Hacker News new | ask | show | jobs
by fusiongyro 4975 days ago
The distinction between your point and mine is becoming miniscule, but I must defend my position on Haskell, as a heavy user myself. If Num doesn't seem to be a problem to you, it's because you supply top-level annotations that disambiguate it. Try removing all the annotations from whatever you did last week and see if it still compiles cleanly. I'd wager it doesn't. This isn't an issue in practice because we supply annotations in most cases, but don't be fooled: top level annotations, despite the rhetoric, actually are essential for modern Haskell programs to disambiguate. As for strings, the problem doesn't appear in practice because people mostly don't intermingle string types in the same module. That's what makes Num tricky; it's easy to find yourself with Ints and Integers together, wanting to divide them and get a float, and figuring out how to resolve these minor issues is significant for learners. Just ask my friends!
1 comments

This is one of the files in a project I've worked on last week.

https://github.com/Peaker/bottle/blob/master/codeedit/Editor...

I removed all the top-level type declarations, and only one definition broke, because of the MR.

  showP :: Show a => a -> String
  showP = parenify . show
Once I removed the type declaration, I made it work again by adding a parameter to avoid the MR:

  showP x = parenify (show x)
and everything compiles smoothly.

Feel free to browse the bottle repo -- and try to build it without top-level declaration. Apart from a few functions in the entire project that use Rank2, you won't need any declarations.

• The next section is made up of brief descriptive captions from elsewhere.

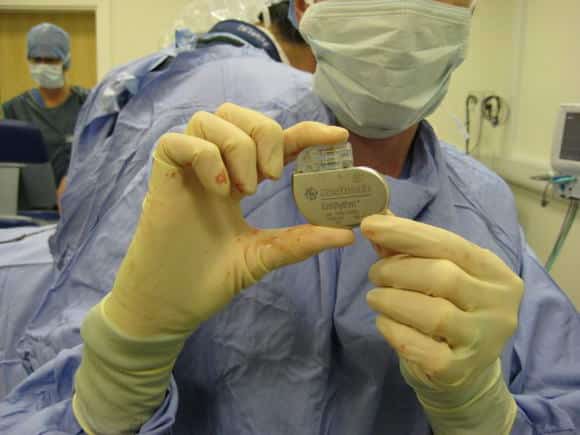 Cos Il Pacemaker A Cosa Serve E Quando Va Fatta L operazione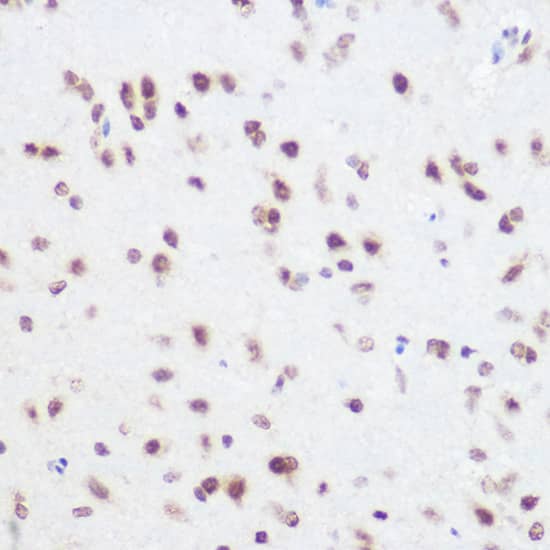 Immunohistochemistry: SART3 Antibody [NBP3-35220] - Immunohistochemistry analysis of paraffin-embedded Rat brain using SART3 Rabbit pAb at dilution of 1:100 (40x lens). High pressure antigen retrieval performed with 0.01M Citrate Bufferr (pH 6.0) prior to IHC staining.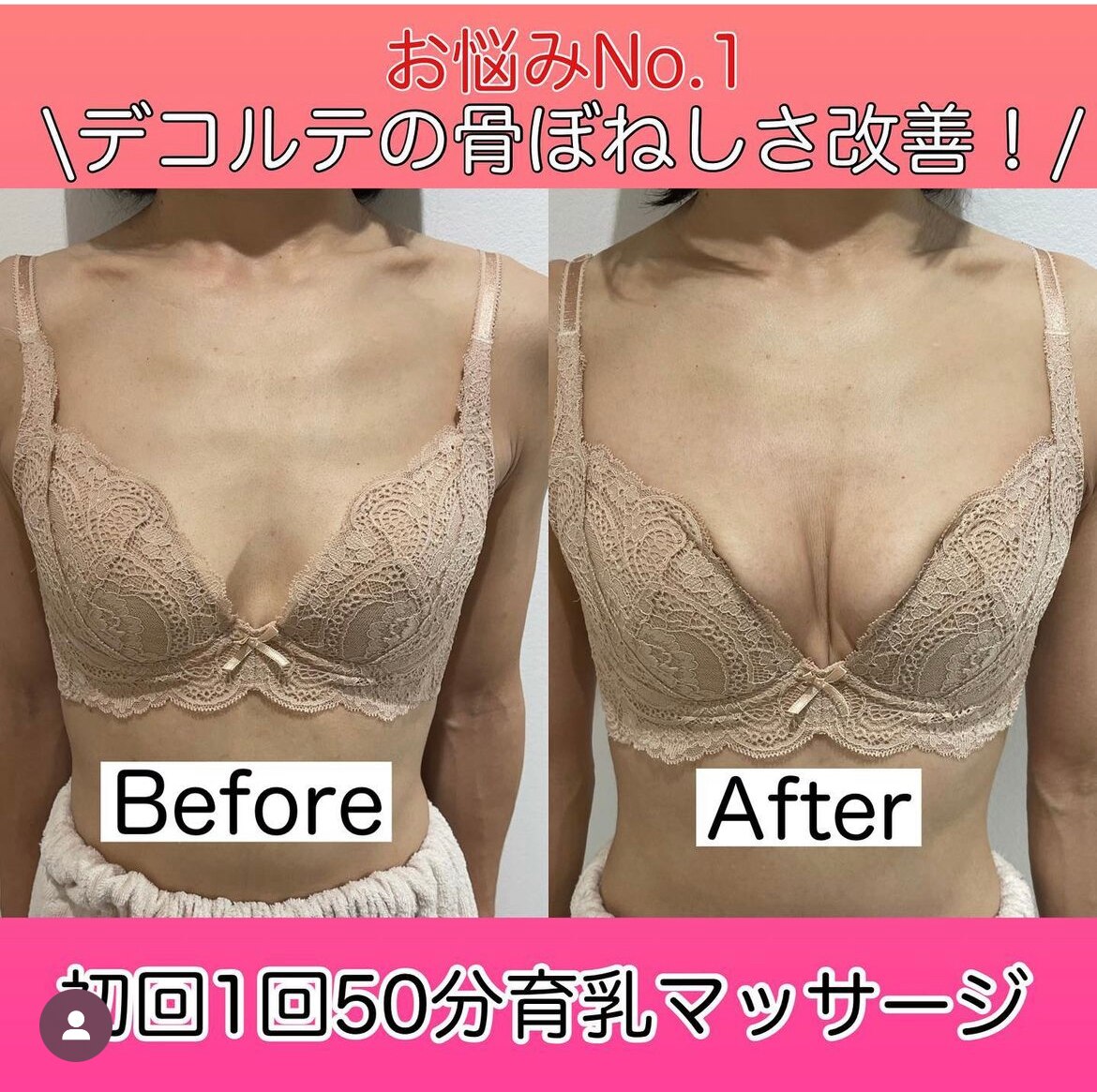デコルテの骨ぼねしさ改善!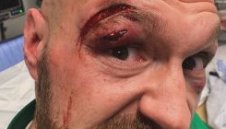 Ще има ли битка Фюри - Усик или ни очаква ново разочарование?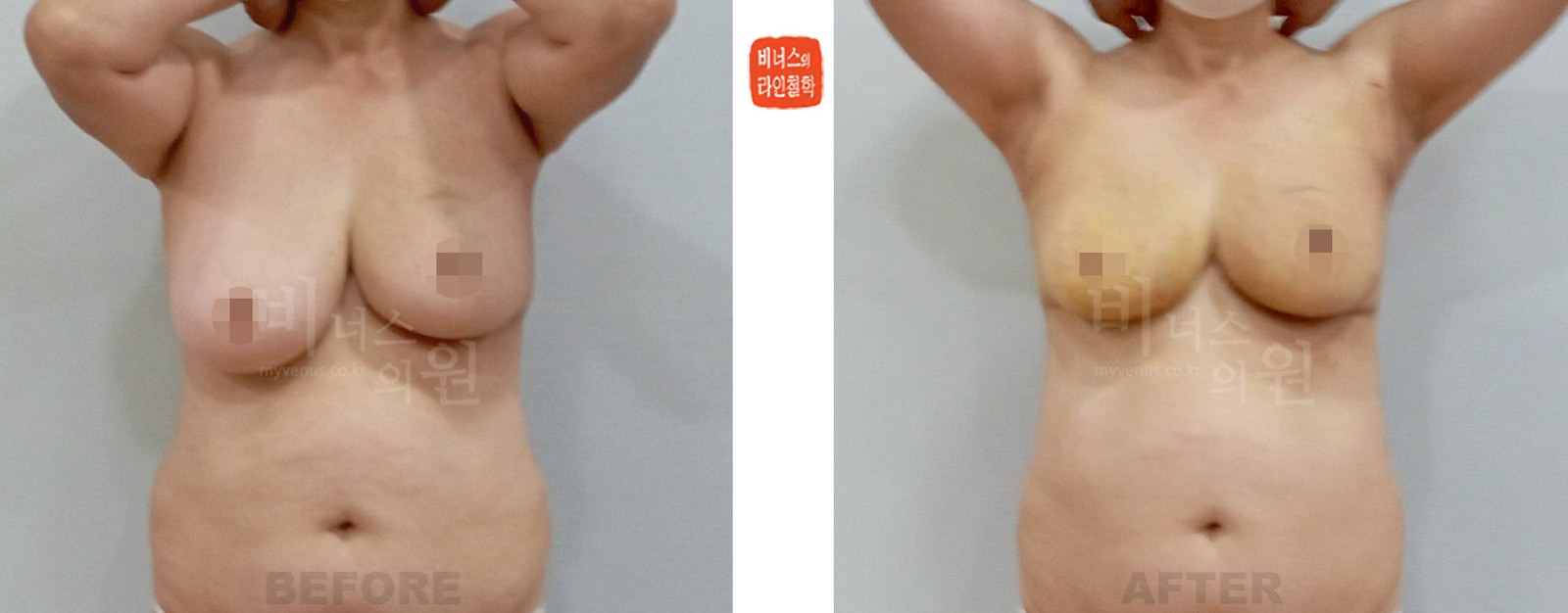 乳腺癌术后双侧乳房不对称吸脂矫正前后对比照片 正面（术后1周）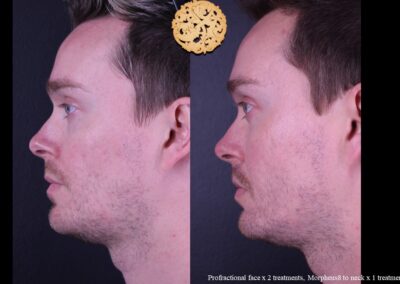 Side profile of a male before and after Profractional and Morpheus8 microneedling treatments.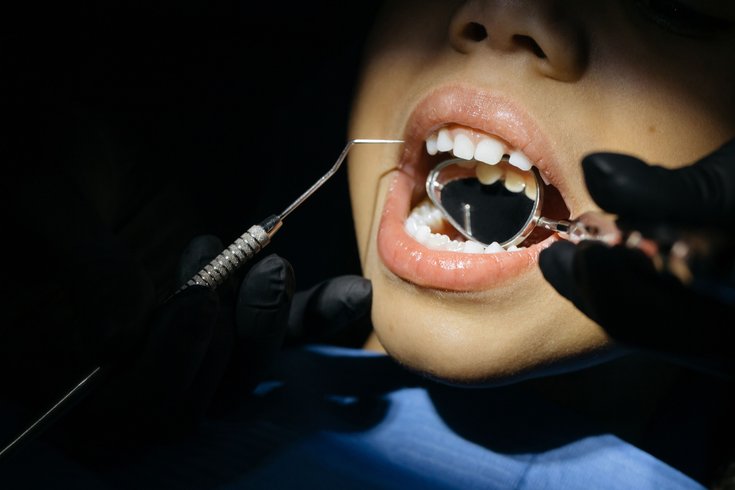 Cavities Tooth Decay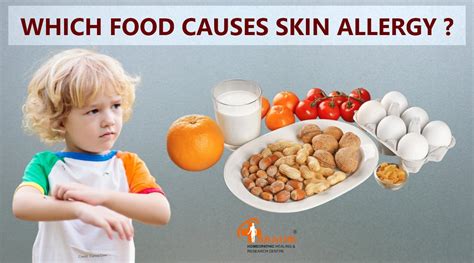 skin allergies | skin allergies treatment | skin allergies in ...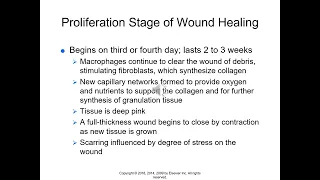 Chapter 38 Providing Wound Care and Treating Pressure Ulcers
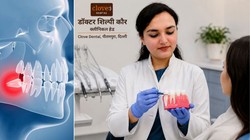 Wisdom Teeth: अक्ल दाढ़ निकालनी चाहिए या रहने दें? डेंटिस्ट से जानें
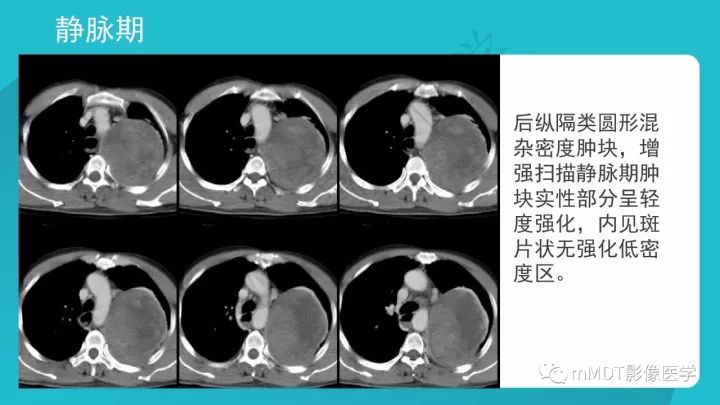 【PPT】纵隔肿瘤影像诊断（全）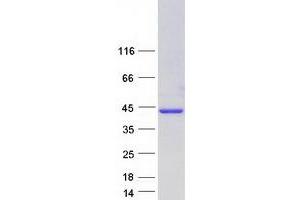 Western Blotting (WB) image for Poly(rC) Binding Protein 2 (PCBP2) (Transcript Variant 6) protein (Myc-DYKDDDDK Tag) (ABIN2728356)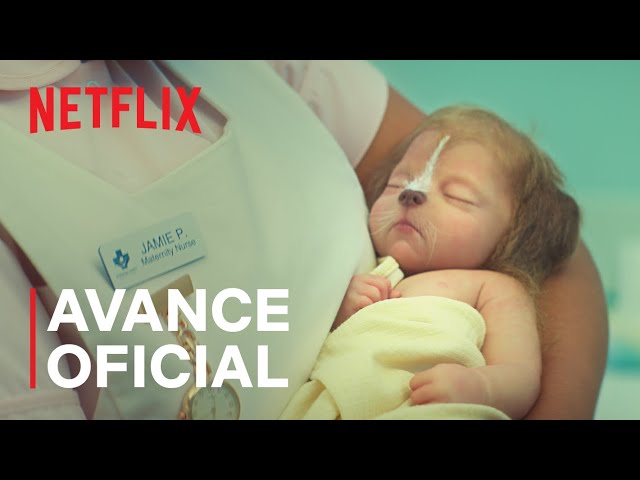 Netflix 21 Datos Curiosos Detras De La Serie Sweet Tooth El Destape Netflix 21 Datos Curiosos Detras De La Serie Sweet Tooth El Destape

Thanks for sticking with this conversation.

This is very good code.

One difference I see between our styles that may explain the differences in behavior we see is that you're quite meticulous about importing only the parts of modules you need, and you make heavy use of qualified imports. My style has been to import everything in case I need it later and only use qualified imports when absolutely necessary, and it must be creating the unnecessary ambiguity that I have to deal with. I will try to adopt your style and see if it cleans up my error messages, and I'll encourage my friends to do the same.